▶ [Task statement]
Since the listing below shows pictures, leave them out and write out exactly the lines from the line with "Ein Mann in" to the line with "Modern kitchen features", both included, and no others.

------ Input for this task ------

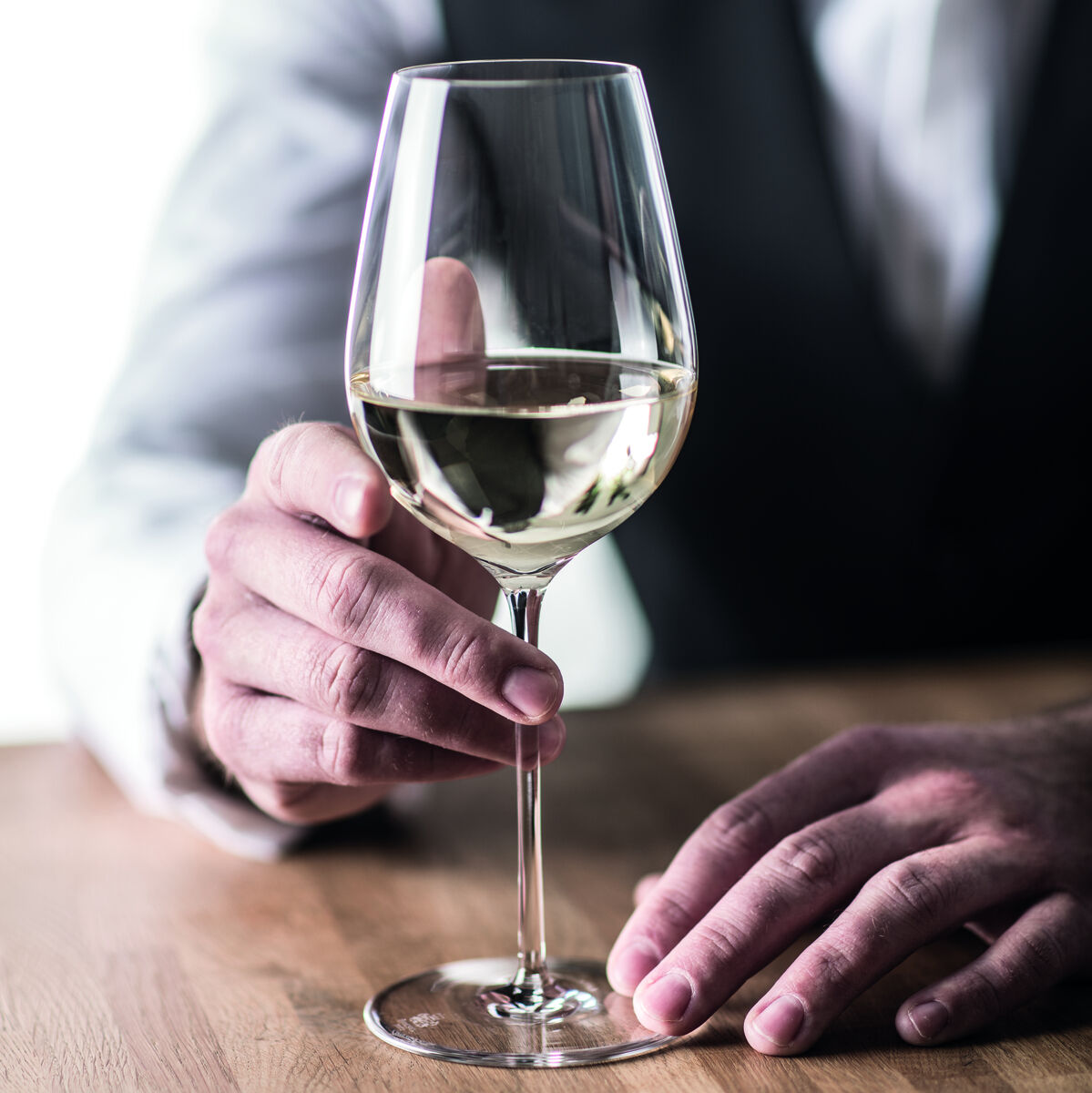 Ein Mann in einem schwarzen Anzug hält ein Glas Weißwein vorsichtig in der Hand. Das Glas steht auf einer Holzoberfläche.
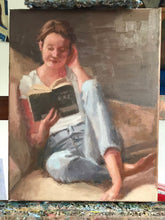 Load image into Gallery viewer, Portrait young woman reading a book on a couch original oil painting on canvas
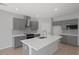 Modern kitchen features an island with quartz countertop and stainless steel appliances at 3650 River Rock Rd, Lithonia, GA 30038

------
------ Input for this task ------

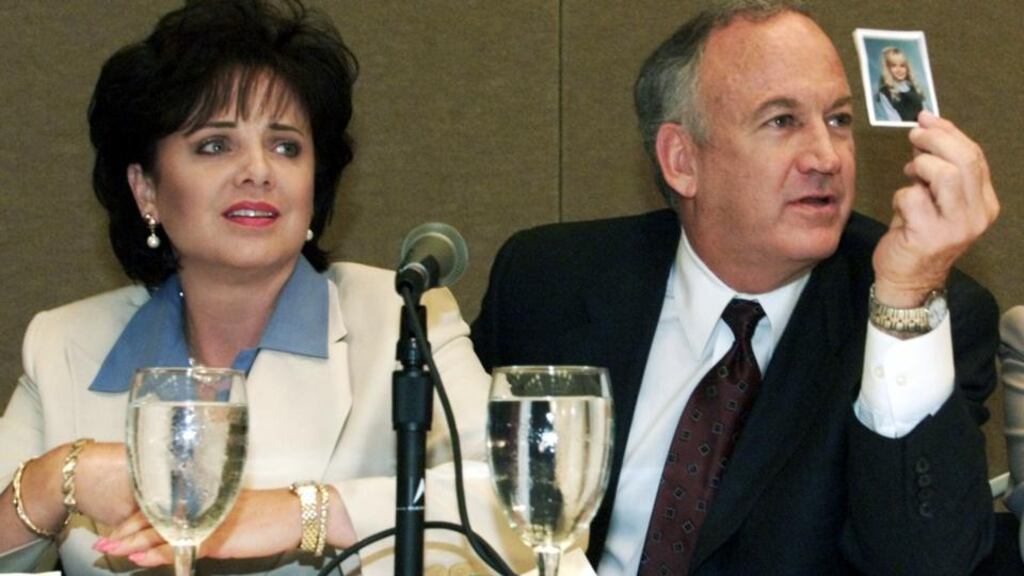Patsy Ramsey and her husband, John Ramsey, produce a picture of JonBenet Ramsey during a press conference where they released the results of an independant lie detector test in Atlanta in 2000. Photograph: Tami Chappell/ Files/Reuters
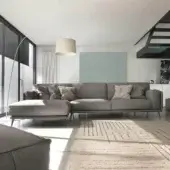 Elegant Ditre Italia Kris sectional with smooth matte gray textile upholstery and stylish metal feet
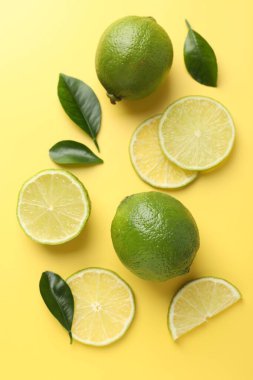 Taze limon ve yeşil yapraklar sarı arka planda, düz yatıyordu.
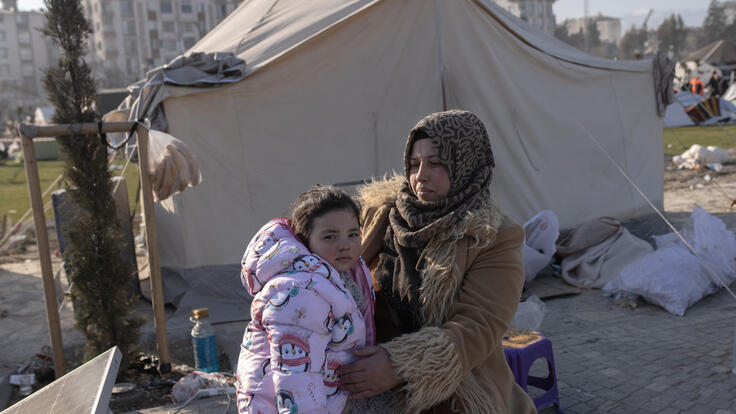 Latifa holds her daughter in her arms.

------

▶ [Task answer]
 Ein Mann in einem schwarzen Anzug hält ein Glas Weißwein vorsichtig in der Hand. Das Glas steht auf einer Holzoberfläche.
 Load image into Gallery viewer, Portrait young woman reading a book on a couch original oil painting on canvas
 Modern kitchen features an island with quartz countertop and stainless steel appliances at 3650 River Rock Rd, Lithonia, GA 30038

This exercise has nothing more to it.